Task instructions> In full and without change, return each entry.

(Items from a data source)
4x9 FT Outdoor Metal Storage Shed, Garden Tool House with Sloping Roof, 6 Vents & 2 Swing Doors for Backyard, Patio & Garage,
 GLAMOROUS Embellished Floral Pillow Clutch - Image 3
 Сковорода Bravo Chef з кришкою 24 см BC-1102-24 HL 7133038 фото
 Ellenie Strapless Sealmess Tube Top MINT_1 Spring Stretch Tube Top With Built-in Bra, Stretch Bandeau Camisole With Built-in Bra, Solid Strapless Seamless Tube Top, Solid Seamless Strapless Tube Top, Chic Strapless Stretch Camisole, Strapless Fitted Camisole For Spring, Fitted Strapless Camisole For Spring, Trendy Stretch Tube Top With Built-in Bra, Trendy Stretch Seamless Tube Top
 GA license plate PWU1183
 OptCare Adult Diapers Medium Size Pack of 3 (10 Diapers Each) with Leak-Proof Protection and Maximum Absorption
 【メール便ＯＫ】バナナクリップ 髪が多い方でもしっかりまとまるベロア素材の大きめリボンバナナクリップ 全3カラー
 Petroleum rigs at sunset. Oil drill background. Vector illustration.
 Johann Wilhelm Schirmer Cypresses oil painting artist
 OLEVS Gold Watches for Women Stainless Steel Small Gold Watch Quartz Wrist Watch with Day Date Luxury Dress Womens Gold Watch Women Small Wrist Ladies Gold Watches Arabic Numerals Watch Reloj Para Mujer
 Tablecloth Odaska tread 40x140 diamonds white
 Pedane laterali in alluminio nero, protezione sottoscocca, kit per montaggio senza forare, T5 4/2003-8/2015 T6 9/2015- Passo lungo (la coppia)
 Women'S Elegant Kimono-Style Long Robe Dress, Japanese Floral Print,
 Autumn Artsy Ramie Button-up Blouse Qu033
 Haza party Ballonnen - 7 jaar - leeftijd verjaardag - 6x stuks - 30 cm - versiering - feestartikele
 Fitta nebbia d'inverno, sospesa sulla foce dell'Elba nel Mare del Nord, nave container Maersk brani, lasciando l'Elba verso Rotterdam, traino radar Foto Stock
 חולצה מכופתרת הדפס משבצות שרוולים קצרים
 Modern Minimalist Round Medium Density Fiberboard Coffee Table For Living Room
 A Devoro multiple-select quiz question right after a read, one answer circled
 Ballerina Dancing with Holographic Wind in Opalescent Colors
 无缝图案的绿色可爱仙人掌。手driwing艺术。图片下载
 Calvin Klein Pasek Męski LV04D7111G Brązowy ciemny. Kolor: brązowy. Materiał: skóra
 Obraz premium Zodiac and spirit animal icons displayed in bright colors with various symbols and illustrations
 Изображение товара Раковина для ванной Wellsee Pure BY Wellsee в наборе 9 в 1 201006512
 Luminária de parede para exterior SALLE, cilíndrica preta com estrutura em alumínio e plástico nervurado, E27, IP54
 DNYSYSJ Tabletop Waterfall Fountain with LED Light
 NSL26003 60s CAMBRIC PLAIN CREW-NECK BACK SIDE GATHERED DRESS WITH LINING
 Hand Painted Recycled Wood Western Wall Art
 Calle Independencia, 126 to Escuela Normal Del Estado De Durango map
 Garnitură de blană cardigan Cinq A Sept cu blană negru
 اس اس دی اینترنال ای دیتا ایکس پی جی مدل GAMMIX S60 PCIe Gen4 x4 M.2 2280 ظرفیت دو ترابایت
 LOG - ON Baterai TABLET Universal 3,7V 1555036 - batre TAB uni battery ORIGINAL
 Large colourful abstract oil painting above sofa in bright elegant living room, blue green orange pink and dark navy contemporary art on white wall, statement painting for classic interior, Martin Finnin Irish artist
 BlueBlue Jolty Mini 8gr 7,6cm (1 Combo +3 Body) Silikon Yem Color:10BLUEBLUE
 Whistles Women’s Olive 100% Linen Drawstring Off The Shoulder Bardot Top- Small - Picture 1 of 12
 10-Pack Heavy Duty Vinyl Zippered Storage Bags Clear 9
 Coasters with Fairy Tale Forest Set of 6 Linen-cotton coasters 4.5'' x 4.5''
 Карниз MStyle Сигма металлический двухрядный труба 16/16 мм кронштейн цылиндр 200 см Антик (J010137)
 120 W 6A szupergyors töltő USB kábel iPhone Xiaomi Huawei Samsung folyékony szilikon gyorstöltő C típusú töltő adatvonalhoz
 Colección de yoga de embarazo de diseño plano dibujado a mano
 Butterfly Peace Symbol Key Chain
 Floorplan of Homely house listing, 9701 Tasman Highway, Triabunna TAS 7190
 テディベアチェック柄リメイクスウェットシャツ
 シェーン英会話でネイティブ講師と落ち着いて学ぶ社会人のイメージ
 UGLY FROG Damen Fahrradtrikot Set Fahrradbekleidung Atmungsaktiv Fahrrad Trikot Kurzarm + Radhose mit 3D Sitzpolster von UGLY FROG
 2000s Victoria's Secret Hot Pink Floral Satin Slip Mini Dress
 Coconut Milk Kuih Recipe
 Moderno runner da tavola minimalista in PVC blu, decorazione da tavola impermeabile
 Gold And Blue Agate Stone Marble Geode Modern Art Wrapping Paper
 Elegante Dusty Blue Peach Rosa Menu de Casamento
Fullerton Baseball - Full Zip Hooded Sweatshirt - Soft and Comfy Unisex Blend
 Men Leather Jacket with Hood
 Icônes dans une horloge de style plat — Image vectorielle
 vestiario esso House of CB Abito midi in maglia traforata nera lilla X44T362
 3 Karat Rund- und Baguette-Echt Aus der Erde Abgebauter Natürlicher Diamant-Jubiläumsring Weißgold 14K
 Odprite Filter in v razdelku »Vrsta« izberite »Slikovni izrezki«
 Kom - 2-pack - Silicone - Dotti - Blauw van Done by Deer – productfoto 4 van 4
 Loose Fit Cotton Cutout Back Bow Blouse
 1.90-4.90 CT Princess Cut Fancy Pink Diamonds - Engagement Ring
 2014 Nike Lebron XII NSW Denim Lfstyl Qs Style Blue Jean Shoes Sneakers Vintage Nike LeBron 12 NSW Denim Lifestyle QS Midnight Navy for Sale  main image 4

Answer section>
4x9 FT Outdoor Metal Storage Shed, Garden Tool House with Sloping Roof, 6 Vents & 2 Swing Doors for Backyard, Patio & Garage,
 GLAMOROUS Embellished Floral Pillow Clutch - Image 3
 Сковорода Bravo Chef з кришкою 24 см BC-1102-24 HL 7133038 фото
 Ellenie Strapless Sealmess Tube Top MINT_1 Spring Stretch Tube Top With Built-in Bra, Stretch Bandeau Camisole With Built-in Bra, Solid Strapless Seamless Tube Top, Solid Seamless Strapless Tube Top, Chic Strapless Stretch Camisole, Strapless Fitted Camisole For Spring, Fitted Strapless Camisole For Spring, Trendy Stretch Tube Top With Built-in Bra, Trendy Stretch Seamless Tube Top
 GA license plate PWU1183
 OptCare Adult Diapers Medium Size Pack of 3 (10 Diapers Each) with Leak-Proof Protection and Maximum Absorption
 【メール便ＯＫ】バナナクリップ 髪が多い方でもしっかりまとまるベロア素材の大きめリボンバナナクリップ 全3カラー
 Petroleum rigs at sunset. Oil drill background. Vector illustration.
 Johann Wilhelm Schirmer Cypresses oil painting artist
 OLEVS Gold Watches for Women Stainless Steel Small Gold Watch Quartz Wrist Watch with Day Date Luxury Dress Womens Gold Watch Women Small Wrist Ladies Gold Watches Arabic Numerals Watch Reloj Para Mujer
 Tablecloth Odaska tread 40x140 diamonds white
 Pedane laterali in alluminio nero, protezione sottoscocca, kit per montaggio senza forare, T5 4/2003-8/2015 T6 9/2015- Passo lungo (la coppia)
 Women'S Elegant Kimono-Style Long Robe Dress, Japanese Floral Print,
 Autumn Artsy Ramie Button-up Blouse Qu033
 Haza party Ballonnen - 7 jaar - leeftijd verjaardag - 6x stuks - 30 cm - versiering - feestartikele
 Fitta nebbia d'inverno, sospesa sulla foce dell'Elba nel Mare del Nord, nave container Maersk brani, lasciando l'Elba verso Rotterdam, traino radar Foto Stock
 חולצה מכופתרת הדפס משבצות שרוולים קצרים
 Modern Minimalist Round Medium Density Fiberboard Coffee Table For Living Room
 A Devoro multiple-select quiz question right after a read, one answer circled
 Ballerina Dancing with Holographic Wind in Opalescent Colors
 无缝图案的绿色可爱仙人掌。手driwing艺术。图片下载
 Calvin Klein Pasek Męski LV04D7111G Brązowy ciemny. Kolor: brązowy. Materiał: skóra
 Obraz premium Zodiac and spirit animal icons displayed in bright colors with various symbols and illustrations
 Изображение товара Раковина для ванной Wellsee Pure BY Wellsee в наборе 9 в 1 201006512
 Luminária de parede para exterior SALLE, cilíndrica preta com estrutura em alumínio e plástico nervurado, E27, IP54
 DNYSYSJ Tabletop Waterfall Fountain with LED Light
 NSL26003 60s CAMBRIC PLAIN CREW-NECK BACK SIDE GATHERED DRESS WITH LINING
 Hand Painted Recycled Wood Western Wall Art
 Calle Independencia, 126 to Escuela Normal Del Estado De Durango map
 Garnitură de blană cardigan Cinq A Sept cu blană negru
 اس اس دی اینترنال ای دیتا ایکس پی جی مدل GAMMIX S60 PCIe Gen4 x4 M.2 2280 ظرفیت دو ترابایت
 LOG - ON Baterai TABLET Universal 3,7V 1555036 - batre TAB uni battery ORIGINAL
 Large colourful abstract oil painting above sofa in bright elegant living room, blue green orange pink and dark navy contemporary art on white wall, statement painting for classic interior, Martin Finnin Irish artist
 BlueBlue Jolty Mini 8gr 7,6cm (1 Combo +3 Body) Silikon Yem Color:10BLUEBLUE
 Whistles Women’s Olive 100% Linen Drawstring Off The Shoulder Bardot Top- Small - Picture 1 of 12
 10-Pack Heavy Duty Vinyl Zippered Storage Bags Clear 9
 Coasters with Fairy Tale Forest Set of 6 Linen-cotton coasters 4.5'' x 4.5''
 Карниз MStyle Сигма металлический двухрядный труба 16/16 мм кронштейн цылиндр 200 см Антик (J010137)
 120 W 6A szupergyors töltő USB kábel iPhone Xiaomi Huawei Samsung folyékony szilikon gyorstöltő C típusú töltő adatvonalhoz
 Colección de yoga de embarazo de diseño plano dibujado a mano
 Butterfly Peace Symbol Key Chain
 Floorplan of Homely house listing, 9701 Tasman Highway, Triabunna TAS 7190
 テディベアチェック柄リメイクスウェットシャツ
 シェーン英会話でネイティブ講師と落ち着いて学ぶ社会人のイメージ
 UGLY FROG Damen Fahrradtrikot Set Fahrradbekleidung Atmungsaktiv Fahrrad Trikot Kurzarm + Radhose mit 3D Sitzpolster von UGLY FROG
 2000s Victoria's Secret Hot Pink Floral Satin Slip Mini Dress
 Coconut Milk Kuih Recipe
 Moderno runner da tavola minimalista in PVC blu, decorazione da tavola impermeabile
 Gold And Blue Agate Stone Marble Geode Modern Art Wrapping Paper
 Elegante Dusty Blue Peach Rosa Menu de Casamento
Fullerton Baseball - Full Zip Hooded Sweatshirt - Soft and Comfy Unisex Blend
 Men Leather Jacket with Hood
 Icônes dans une horloge de style plat — Image vectorielle
 vestiario esso House of CB Abito midi in maglia traforata nera lilla X44T362
 3 Karat Rund- und Baguette-Echt Aus der Erde Abgebauter Natürlicher Diamant-Jubiläumsring Weißgold 14K
 Odprite Filter in v razdelku »Vrsta« izberite »Slikovni izrezki«
 Kom - 2-pack - Silicone - Dotti - Blauw van Done by Deer – productfoto 4 van 4
 Loose Fit Cotton Cutout Back Bow Blouse
 1.90-4.90 CT Princess Cut Fancy Pink Diamonds - Engagement Ring
 2014 Nike Lebron XII NSW Denim Lfstyl Qs Style Blue Jean Shoes Sneakers Vintage Nike LeBron 12 NSW Denim Lifestyle QS Midnight Navy for Sale  main image 4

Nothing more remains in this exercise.